→ Exercise prompt
Without the pictures, return each record as it appears.

(Image-text web data)

= = = = = = =

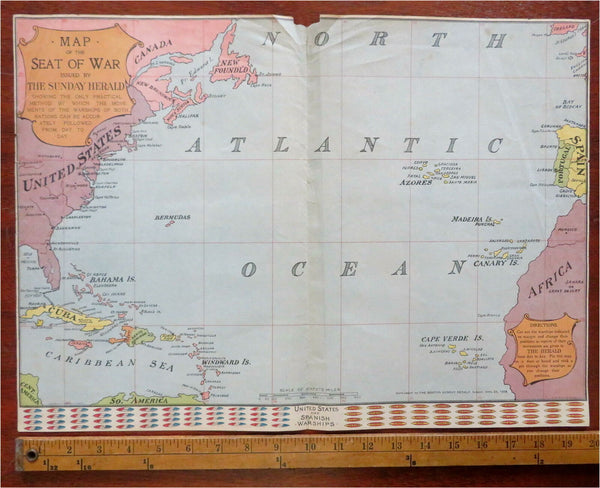 Spanish-American War Atlantic Ocean Ship Movements 1898 Boston Sunday Herald map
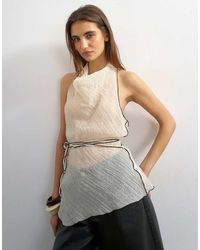 TOPSHOP - Top Con Cuello Halter Y Ribetes En Contraste De Tejido Rugoso (Parte De Un Conjunto)-Marrón - Lyst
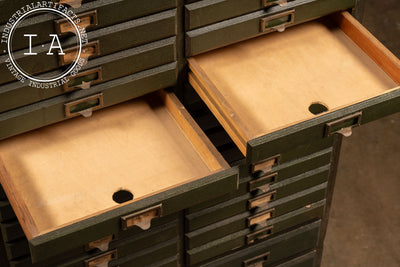 c. 1930 Document Sorting Cabinet in Olive Green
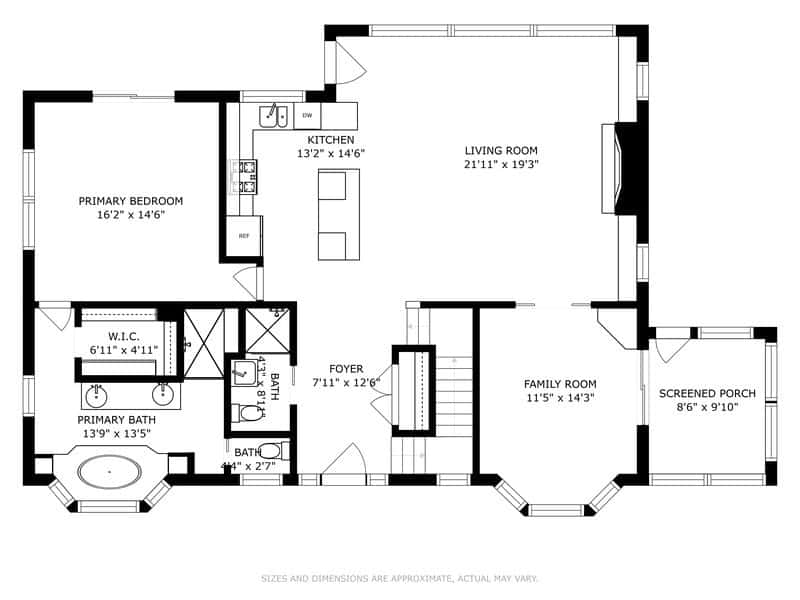 Comprehensive floor plan of the main level, detailing a primary bedroom with en-suite bath and walk-in closet, kitchen, living room, family room, foyer, and a screened porch, with all room dimensions.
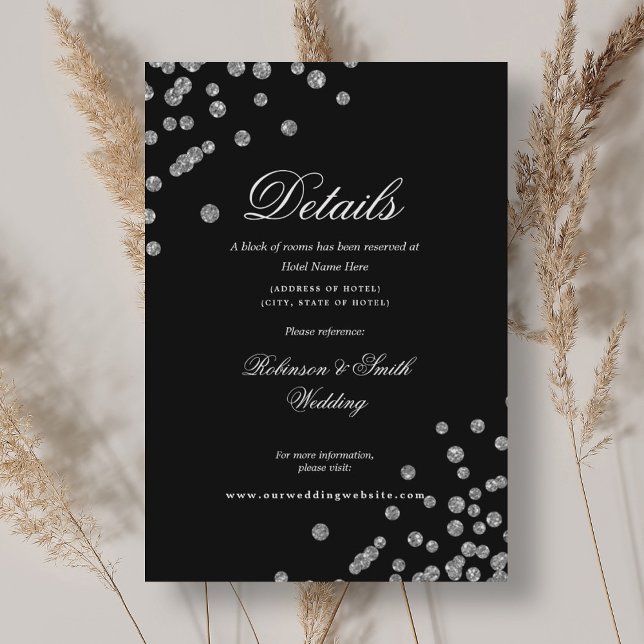 Romantic Silver Confetti Wedding Details Black  Enclosure Card (Romantic Silver Confetti Wedding Details Black Enclosure Card)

= = = = = = =

→ Result for this task
 Spanish-American War Atlantic Ocean Ship Movements 1898 Boston Sunday Herald map
 TOPSHOP - Top Con Cuello Halter Y Ribetes En Contraste De Tejido Rugoso (Parte De Un Conjunto)-Marrón - Lyst
 c. 1930 Document Sorting Cabinet in Olive Green
 Comprehensive floor plan of the main level, detailing a primary bedroom with en-suite bath and walk-in closet, kitchen, living room, family room, foyer, and a screened porch, with all room dimensions.
 Romantic Silver Confetti Wedding Details Black  Enclosure Card (Romantic Silver Confetti Wedding Details Black Enclosure Card)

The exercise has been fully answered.